Golpe de Calor

9.1.2017

Golpe de Calor

Los niños menores de seis años, los mayores de 65 años, las personas con alguna discapacidad física o psíquica, los enfermos crónicos y los pacientes cardíacos tienen más probabilidad de sufrir un golpe de calor

El Golpe de Calor  es el aumento de la temperatura del cuerpo por una exposición prolongada al sol o por hacer ejercicios en ambientes calurosos o con poca ventilación al punto que el cuerpo pierde agua y sales esenciales para su buen funcionamiento.
En estas situaciones el cuerpo tiene dificultades para regular su temperatura  por lo que se produce un aumento de la temperatura corporal. El golpe de calor puede presentarse en el momento o después de varios días de alta temperatura.


¿Cuáles son los síntomas?

- sed intensa y sequedad en la boca
- temperatura mayor a 39º C (medida en la axila)
- sudoración excesiva
- sensación de calor sofocante
- piel seca
- agotamiento, cansancio o debilidad
- mareos o desmayo
- vértigo
- calambres musculares
- agitación
- dolores de estómago, falta de apetito, náuseas o vómitos
- dolores de cabeza (sensación de latido u opresión)
- estado de confusión, desorientación, delirio o incluso coma o convulsiones

 En los bebés además se puede evidenciar:
 - la piel muy irritada por el sudor en el cuello, pecho, axilas, pliegues del codo y la zona del pañal.
- Irritabilidad (llanto inconsolable en los más pequeños).



¿Cómo prevenirlo?

Las principales medidas para prevenir el golpe de calor son: tomar más cantidad de agua, no exponerse al sol en horas centrales del día y evitar consumir  bebidas alcohólicas y comidas abundantes.

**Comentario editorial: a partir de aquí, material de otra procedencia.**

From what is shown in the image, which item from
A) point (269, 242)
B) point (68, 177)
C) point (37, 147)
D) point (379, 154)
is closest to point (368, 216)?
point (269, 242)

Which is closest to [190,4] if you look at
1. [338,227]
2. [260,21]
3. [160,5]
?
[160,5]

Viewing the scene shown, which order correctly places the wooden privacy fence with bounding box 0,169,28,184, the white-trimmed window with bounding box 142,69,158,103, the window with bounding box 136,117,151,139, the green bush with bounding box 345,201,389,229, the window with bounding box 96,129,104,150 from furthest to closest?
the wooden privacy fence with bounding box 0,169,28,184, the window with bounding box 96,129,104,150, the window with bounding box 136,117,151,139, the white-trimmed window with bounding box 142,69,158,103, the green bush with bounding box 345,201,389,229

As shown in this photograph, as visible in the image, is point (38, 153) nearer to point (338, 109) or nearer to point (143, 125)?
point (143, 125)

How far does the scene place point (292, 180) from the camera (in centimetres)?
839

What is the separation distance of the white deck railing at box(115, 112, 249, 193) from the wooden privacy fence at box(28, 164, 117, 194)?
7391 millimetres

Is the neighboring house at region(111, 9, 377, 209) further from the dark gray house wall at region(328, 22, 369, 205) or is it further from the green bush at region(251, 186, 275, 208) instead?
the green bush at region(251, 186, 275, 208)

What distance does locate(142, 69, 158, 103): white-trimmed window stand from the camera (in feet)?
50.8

- Aumentar el consumo de líquidos sin esperar a tener sed para mantener una hidratación adecuada.
- Ingerir verduras y frutas.
- Usar ropa ligera, holgada y de colores claros; sombrero, anteojos oscuros.
- Reducir la actividad física.
- No exponerse al sol en exceso, ni en horas centrales del día (entre las 11 y las 17 horas).
- Permanecer en espacios ventilados o acondicionados.
- Evitar:
- bebidas con cafeína o con azúcar en exceso
- comidas pesadas
- bebidas con alcohol ya que aumentan la temperatura corporal y las pérdidas de líquido. No es conveniente tomar cerveza ante la sed y el calor.

Con los más chicos:

- No esperar que pidan agua. Ofrecer continuamente líquidos, especialmente jugos naturales. En el caso de lactantes ofrecer el pecho de manera más frecuente.
- Vestirlos con ropa holgada, liviana, de algodón y colores claros o incluso desvestirlos.
- Bañarlos y mojarles el cuerpo con frecuencia.
- Proponer juegos tranquilos evitando que se agiten.
- Evitar que se expongan al sol  especialmente en el horario del mediodía o bien, protegerlos de sus efectos si no se puede evitar la exposición: con el uso de ropa adecuada (sombreros, ropa de manga larga) y protectores solares adecuados.
- Mantenerlos  en lugares bien ventilados o bien con aire acondicionado (ya sea en casa o lugares públicos) cuando la temperatura ambiente es muy elevada.
- Nunca permanezca con ellos dentro de un vehículo estacionado y cerrado.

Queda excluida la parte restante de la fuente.